Start of Given records

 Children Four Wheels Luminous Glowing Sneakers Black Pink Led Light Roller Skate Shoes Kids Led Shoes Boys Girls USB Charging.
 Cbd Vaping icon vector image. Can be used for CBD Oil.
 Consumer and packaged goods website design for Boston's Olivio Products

End of Given records
Start of Given records

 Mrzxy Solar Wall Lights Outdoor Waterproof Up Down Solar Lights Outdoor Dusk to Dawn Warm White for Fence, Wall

End of Given records

Problem statement >> Would you retype exactly the lines above, from the line with "Cbd Vaping icon" to the line with "Consumer and packaged", with both end lines kept and nothing more?

Response box >>
 Cbd Vaping icon vector image. Can be used for CBD Oil.
 Consumer and packaged goods website design for Boston's Olivio Products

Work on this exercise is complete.